XARELTO® is not for use in people with artificial heart valves.

XARELTO® is not for use in people with antiphospholipid syndrome (APS), especially with positive triple antibody testing.

Do not take XARELTO® if you or your child:

• Currently have certain types of abnormal bleeding. Talk to your doctor before taking XARELTO® if you currently have unusual bleeding.
• Are allergic to rivaroxaban or any of the ingredients of XARELTO®.

Before taking XARELTO®, tell your doctor about all your medical conditions, including if you or your child:

• Have ever had bleeding problems
• Have liver or kidney problems
• Have antiphospholipid syndrome (APS)

Are pregnant or plan to become pregnant. It is not known if XARELTO® will harm your unborn baby.

• Tell your doctor right away if you become pregnant during treatment with XARELTO®. Taking XARELTO® while you are pregnant may increase the risk of bleeding in you or in your unborn baby.
• Females who are able to become pregnant: Talk with your doctor about pregnancy planning during treatment with XARELTO®. Talk with your doctor about your risk for severe uterine bleeding if you are treated with blood thinner medicines, including XARELTO®.
• If you take XARELTO® during pregnancy, tell your doctor right away if you have any signs or symptoms of bleeding or blood loss. See “What is the most important information I should know about XARELTO®?” for signs and symptoms of bleeding.
• Are breastfeeding or plan to breastfeed. XARELTO® may pass into your breast milk. Talk to your doctor about the best way to feed your baby during treatment with XARELTO®.

Tell all of your doctors and dentists that you or your child are taking XARELTO®. They should talk to the doctor who prescribed XARELTO® for you before you have any surgery, medical or dental procedure.

Tell your doctor about all the medicines you or your child take, including prescription and over-the-counter medicines, vitamins, and herbal supplements.

Some of your other medicines may affect the way XARELTO® works, causing side effects. Certain medicines may increase your risk of bleeding. See “What is the most important information I should know about XARELTO®?”

HOW SHOULD I TAKE XARELTO®?

• Take XARELTO® exactly as prescribed by your doctor.
• Do not change your dose or stop taking XARELTO® unless your doctor tells you to. Your doctor may change your dose if needed.
• Your doctor will decide how long you should take XARELTO®.
• XARELTO® may need to be stopped for one or more days before any surgery or medical or dental procedure. Your doctor will tell you when to stop taking XARELTO® and when to start taking XARELTO® again after your surgery or procedure.
• If you need to stop taking XARELTO® for any reason, talk to the doctor who prescribed XARELTO® to you to find out when you should stop taking it. Do not stop taking XARELTO® without first talking to the doctor who prescribes it to you.
• If you have difficulty swallowing XARELTO® tablets whole, talk to your doctor about other ways to take XARELTO®.
• Do not run out of XARELTO®. Refill your prescription of XARELTO® before you run out. When leaving the hospital following a hip or knee replacement, be sure that you will have XARELTO® available to avoid missing any doses.
• If you take too much XARELTO®, go to the nearest hospital emergency room or call your doctor right away.

If you take XARELTO® for:

Atrial Fibrillation that is not caused by a heart valve problem:

• Take XARELTO® 1 time a day with your evening meal.
• If you miss a dose of XARELTO®, take it as soon as you remember on the same day. Take your next dose at your regularly scheduled time.

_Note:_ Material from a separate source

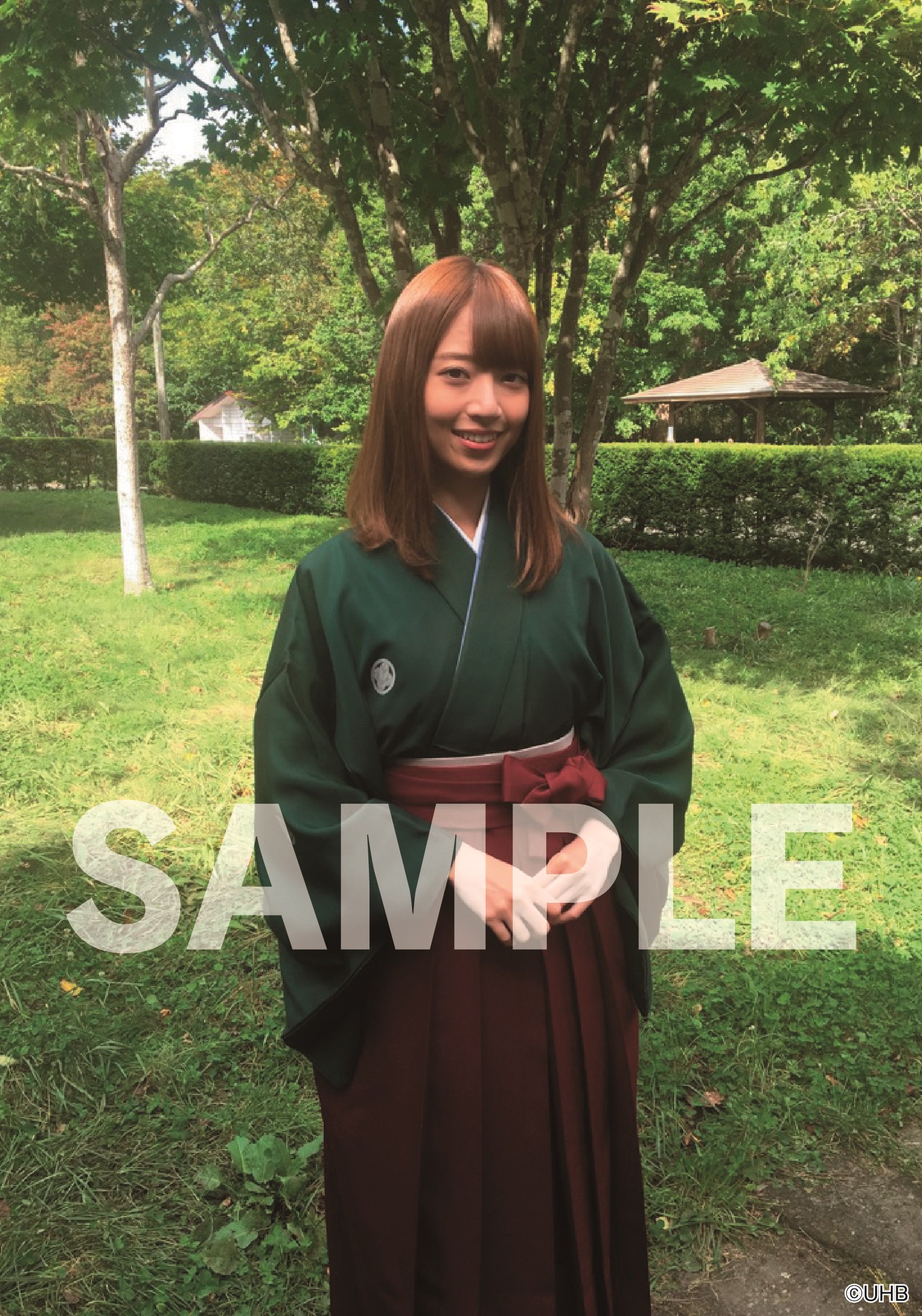 橋本奈々未 恋する文学 ブルーレイ（コーチャンフォー限定）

Blood clots in the veins of your legs or lungs:

• Take XARELTO® 1 or 2 times a day as prescribed by your doctor.
• For the 10-mg dose , XARELTO® may be taken with or without food.
• For the 15-mg and 20-mg doses , take XARELTO® with food at the same time each day.
• If you miss a dose:
• If you take the 15-mg dose of XARELTO® 2 times a day (a total of 30 mg of XARELTO® in 1 day): Take XARELTO® as soon as you remember on the same day. You may take 2 doses at the same time to make up for the missed dose. Take your next dose at your regularly scheduled time.
• If you take XARELTO® 1 time a day: Take XARELTO® as soon as you remember on the same day. Take your next dose at your regularly scheduled time.

Hip or knee replacement surgery:

• Take XARELTO® 1 time a day with or without food.

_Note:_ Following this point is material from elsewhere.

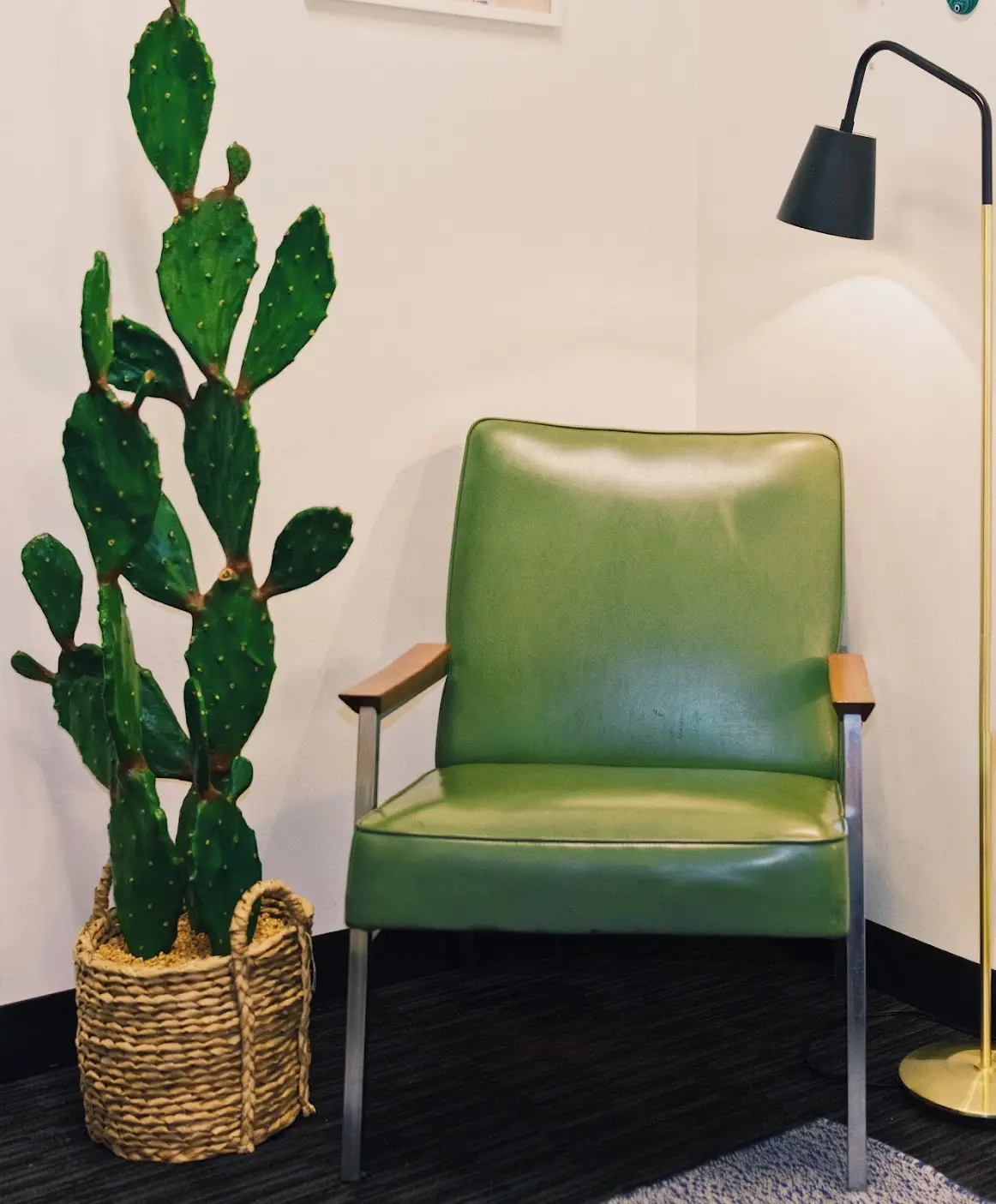 Roamers Therapy - South Loop — Psychotherapy in W Polk St, Chicago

Blood clots in people hospitalized for an acute illness:

• Take XARELTO® 1 time a day, with or without food, while you are in the hospital and after you are discharged as prescribed by your doctor.

Reducing the risk of serious heart problems, heart attack and stroke in coronary artery disease:

• Take XARELTO® 2.5 mg 2 times a day with or without food.
• If you miss a dose of XARELTO®, take your next dose at your regularly scheduled time.
• Take aspirin 75 to 100 mg once daily as instructed by your doctor.
• Reducing the risk of a sudden decrease in blood flow to the legs, major amputation, serious heart problems or stroke in people with peripheral artery disease, including those who have recently had a procedure to improve blood flow to the legs:

For children who take XARELTO®:

• The dose of XARELTO® depends on your child’s body weight and will be calculated by your child’s doctor. Your child’s doctor will tell you if XARELTO® can be given to your child with or without food.
• The adult caregiver should give the dose.
• If your child is taking the tablet, the tablet should be taken whole and should not be split in an attempt to provide a lower dose of XARELTO®.
• If your child is taking the oral suspension, use the syringes provided in the original carton. The suspension will be prepared by the pharmacy. See the Instructions for Use included in the carton on how to properly give a dose of XARELTO® oral suspension to your child.
• Do not switch between the XARELTO® oral suspension or tablet without first talking to your doctor.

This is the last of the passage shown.